*** Opening of Records for processing ***

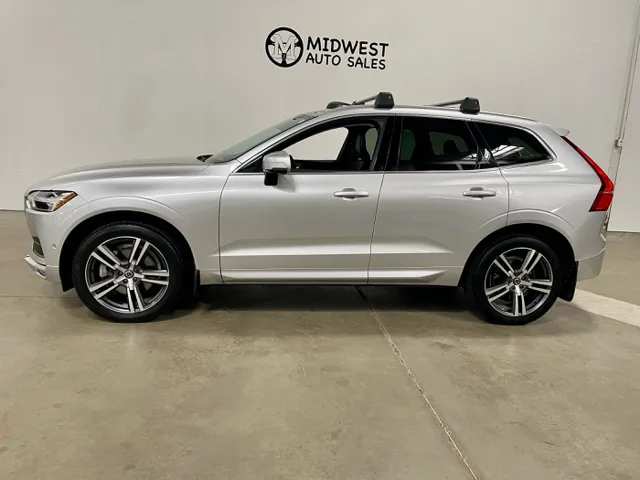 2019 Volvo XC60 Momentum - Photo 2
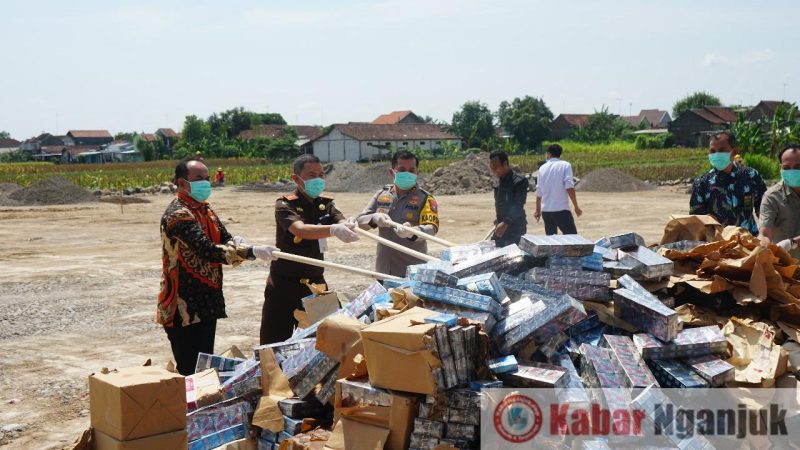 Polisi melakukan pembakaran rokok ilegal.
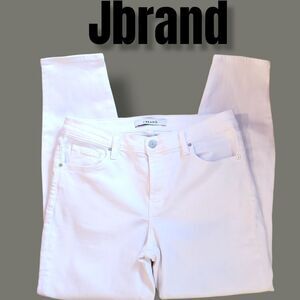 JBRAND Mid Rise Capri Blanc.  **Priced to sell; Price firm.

*** Close of Records for processing ***
*** Opening of Records for processing ***

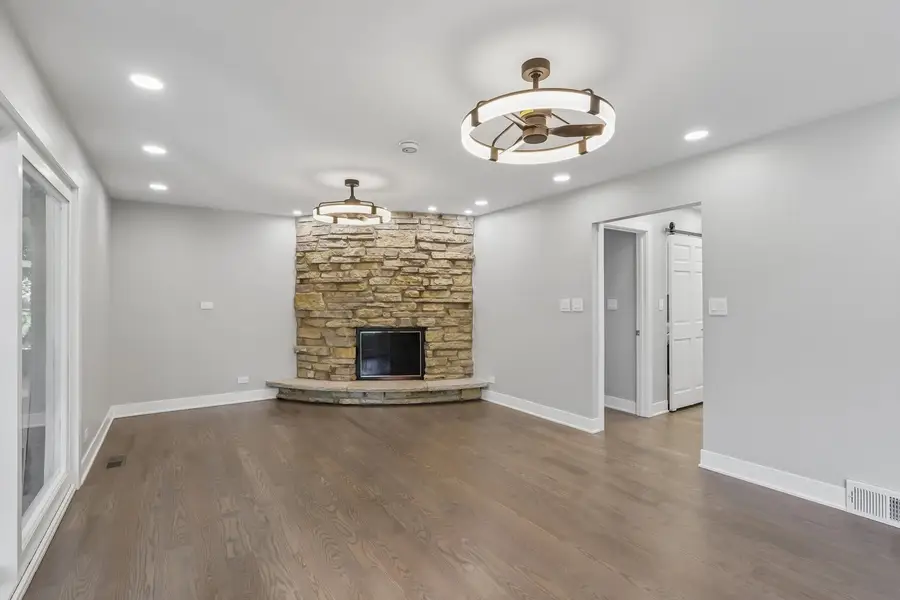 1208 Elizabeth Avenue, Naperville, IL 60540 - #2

*** Close of Records for processing ***

§ Instructions for the task
Your answer should consist of the lines above between those holding "Polisi melakukan pembakaran rokok ilegal." and "JBRAND Mid Rise", inclusive, reproduced word for word and without pictures.

§ Answer to the exercise
 Polisi melakukan pembakaran rokok ilegal.
 JBRAND Mid Rise Capri Blanc.  **Priced to sell; Price firm.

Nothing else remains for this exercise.